** What is needed **
Return the records exactly, please. Every line should match.

### Source data

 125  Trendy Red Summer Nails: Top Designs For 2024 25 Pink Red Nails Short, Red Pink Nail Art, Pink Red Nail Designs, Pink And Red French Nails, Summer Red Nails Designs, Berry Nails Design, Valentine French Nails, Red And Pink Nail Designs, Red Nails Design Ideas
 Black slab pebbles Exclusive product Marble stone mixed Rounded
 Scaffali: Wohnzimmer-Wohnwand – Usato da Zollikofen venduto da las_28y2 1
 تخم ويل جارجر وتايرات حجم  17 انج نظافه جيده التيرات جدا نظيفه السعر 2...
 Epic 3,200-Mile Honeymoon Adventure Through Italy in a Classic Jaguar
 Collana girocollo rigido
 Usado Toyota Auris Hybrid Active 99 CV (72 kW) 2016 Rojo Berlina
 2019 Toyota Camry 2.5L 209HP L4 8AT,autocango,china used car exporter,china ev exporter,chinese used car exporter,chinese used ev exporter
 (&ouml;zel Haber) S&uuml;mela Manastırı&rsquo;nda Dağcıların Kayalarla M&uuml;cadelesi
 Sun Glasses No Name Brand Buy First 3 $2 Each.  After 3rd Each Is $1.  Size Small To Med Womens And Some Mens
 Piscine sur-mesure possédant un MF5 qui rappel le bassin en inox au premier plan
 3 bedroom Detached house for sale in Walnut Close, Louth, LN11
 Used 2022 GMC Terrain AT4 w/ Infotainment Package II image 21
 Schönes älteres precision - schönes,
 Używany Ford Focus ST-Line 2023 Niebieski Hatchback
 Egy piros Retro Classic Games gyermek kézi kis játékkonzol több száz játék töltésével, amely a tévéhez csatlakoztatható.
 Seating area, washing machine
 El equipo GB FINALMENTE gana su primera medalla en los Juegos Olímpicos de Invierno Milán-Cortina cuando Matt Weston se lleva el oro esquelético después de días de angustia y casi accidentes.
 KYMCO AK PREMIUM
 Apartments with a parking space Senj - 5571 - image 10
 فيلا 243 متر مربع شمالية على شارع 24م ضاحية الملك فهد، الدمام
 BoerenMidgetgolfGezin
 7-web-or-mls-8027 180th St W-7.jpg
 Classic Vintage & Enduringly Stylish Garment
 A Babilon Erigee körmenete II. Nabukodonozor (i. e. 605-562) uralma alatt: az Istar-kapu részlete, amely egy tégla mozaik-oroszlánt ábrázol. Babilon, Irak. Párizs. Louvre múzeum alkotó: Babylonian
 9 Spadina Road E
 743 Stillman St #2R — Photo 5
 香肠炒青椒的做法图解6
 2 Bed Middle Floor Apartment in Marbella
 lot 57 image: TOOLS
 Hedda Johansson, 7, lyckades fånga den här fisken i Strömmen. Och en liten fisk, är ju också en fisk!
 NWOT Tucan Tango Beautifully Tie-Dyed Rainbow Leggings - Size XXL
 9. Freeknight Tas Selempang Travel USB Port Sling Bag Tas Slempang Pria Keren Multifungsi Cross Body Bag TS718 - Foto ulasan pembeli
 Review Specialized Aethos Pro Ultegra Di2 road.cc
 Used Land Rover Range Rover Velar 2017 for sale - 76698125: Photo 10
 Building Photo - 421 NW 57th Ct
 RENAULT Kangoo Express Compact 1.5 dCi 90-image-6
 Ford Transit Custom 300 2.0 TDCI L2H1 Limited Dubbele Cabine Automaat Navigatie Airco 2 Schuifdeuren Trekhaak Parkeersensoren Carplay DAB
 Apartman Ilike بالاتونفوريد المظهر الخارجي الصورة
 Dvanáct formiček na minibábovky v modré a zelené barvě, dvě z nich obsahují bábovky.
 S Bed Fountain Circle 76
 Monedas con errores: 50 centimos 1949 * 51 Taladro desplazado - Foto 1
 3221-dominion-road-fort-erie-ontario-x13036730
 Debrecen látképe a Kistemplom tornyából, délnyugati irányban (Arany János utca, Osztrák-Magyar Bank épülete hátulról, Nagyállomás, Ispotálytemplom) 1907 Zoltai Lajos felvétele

######

** Answer below **
 125  Trendy Red Summer Nails: Top Designs For 2024 25 Pink Red Nails Short, Red Pink Nail Art, Pink Red Nail Designs, Pink And Red French Nails, Summer Red Nails Designs, Berry Nails Design, Valentine French Nails, Red And Pink Nail Designs, Red Nails Design Ideas
 Black slab pebbles Exclusive product Marble stone mixed Rounded
 Scaffali: Wohnzimmer-Wohnwand – Usato da Zollikofen venduto da las_28y2 1
 تخم ويل جارجر وتايرات حجم  17 انج نظافه جيده التيرات جدا نظيفه السعر 2...
 Epic 3,200-Mile Honeymoon Adventure Through Italy in a Classic Jaguar
 Collana girocollo rigido
 Usado Toyota Auris Hybrid Active 99 CV (72 kW) 2016 Rojo Berlina
 2019 Toyota Camry 2.5L 209HP L4 8AT,autocango,china used car exporter,china ev exporter,chinese used car exporter,chinese used ev exporter
 (&ouml;zel Haber) S&uuml;mela Manastırı&rsquo;nda Dağcıların Kayalarla M&uuml;cadelesi
 Sun Glasses No Name Brand Buy First 3 $2 Each.  After 3rd Each Is $1.  Size Small To Med Womens And Some Mens
 Piscine sur-mesure possédant un MF5 qui rappel le bassin en inox au premier plan
 3 bedroom Detached house for sale in Walnut Close, Louth, LN11
 Used 2022 GMC Terrain AT4 w/ Infotainment Package II image 21
 Schönes älteres precision - schönes,
 Używany Ford Focus ST-Line 2023 Niebieski Hatchback
 Egy piros Retro Classic Games gyermek kézi kis játékkonzol több száz játék töltésével, amely a tévéhez csatlakoztatható.
 Seating area, washing machine
 El equipo GB FINALMENTE gana su primera medalla en los Juegos Olímpicos de Invierno Milán-Cortina cuando Matt Weston se lleva el oro esquelético después de días de angustia y casi accidentes.
 KYMCO AK PREMIUM
 Apartments with a parking space Senj - 5571 - image 10
 فيلا 243 متر مربع شمالية على شارع 24م ضاحية الملك فهد، الدمام
 BoerenMidgetgolfGezin
 7-web-or-mls-8027 180th St W-7.jpg
 Classic Vintage & Enduringly Stylish Garment
 A Babilon Erigee körmenete II. Nabukodonozor (i. e. 605-562) uralma alatt: az Istar-kapu részlete, amely egy tégla mozaik-oroszlánt ábrázol. Babilon, Irak. Párizs. Louvre múzeum alkotó: Babylonian
 9 Spadina Road E
 743 Stillman St #2R — Photo 5
 香肠炒青椒的做法图解6
 2 Bed Middle Floor Apartment in Marbella
 lot 57 image: TOOLS
 Hedda Johansson, 7, lyckades fånga den här fisken i Strömmen. Och en liten fisk, är ju också en fisk!
 NWOT Tucan Tango Beautifully Tie-Dyed Rainbow Leggings - Size XXL
 9. Freeknight Tas Selempang Travel USB Port Sling Bag Tas Slempang Pria Keren Multifungsi Cross Body Bag TS718 - Foto ulasan pembeli
 Review Specialized Aethos Pro Ultegra Di2 road.cc
 Used Land Rover Range Rover Velar 2017 for sale - 76698125: Photo 10
 Building Photo - 421 NW 57th Ct
 RENAULT Kangoo Express Compact 1.5 dCi 90-image-6
 Ford Transit Custom 300 2.0 TDCI L2H1 Limited Dubbele Cabine Automaat Navigatie Airco 2 Schuifdeuren Trekhaak Parkeersensoren Carplay DAB
 Apartman Ilike بالاتونفوريد المظهر الخارجي الصورة
 Dvanáct formiček na minibábovky v modré a zelené barvě, dvě z nich obsahují bábovky.
 S Bed Fountain Circle 76
 Monedas con errores: 50 centimos 1949 * 51 Taladro desplazado - Foto 1
 3221-dominion-road-fort-erie-ontario-x13036730
 Debrecen látképe a Kistemplom tornyából, délnyugati irányban (Arany János utca, Osztrák-Magyar Bank épülete hátulról, Nagyállomás, Ispotálytemplom) 1907 Zoltai Lajos felvétele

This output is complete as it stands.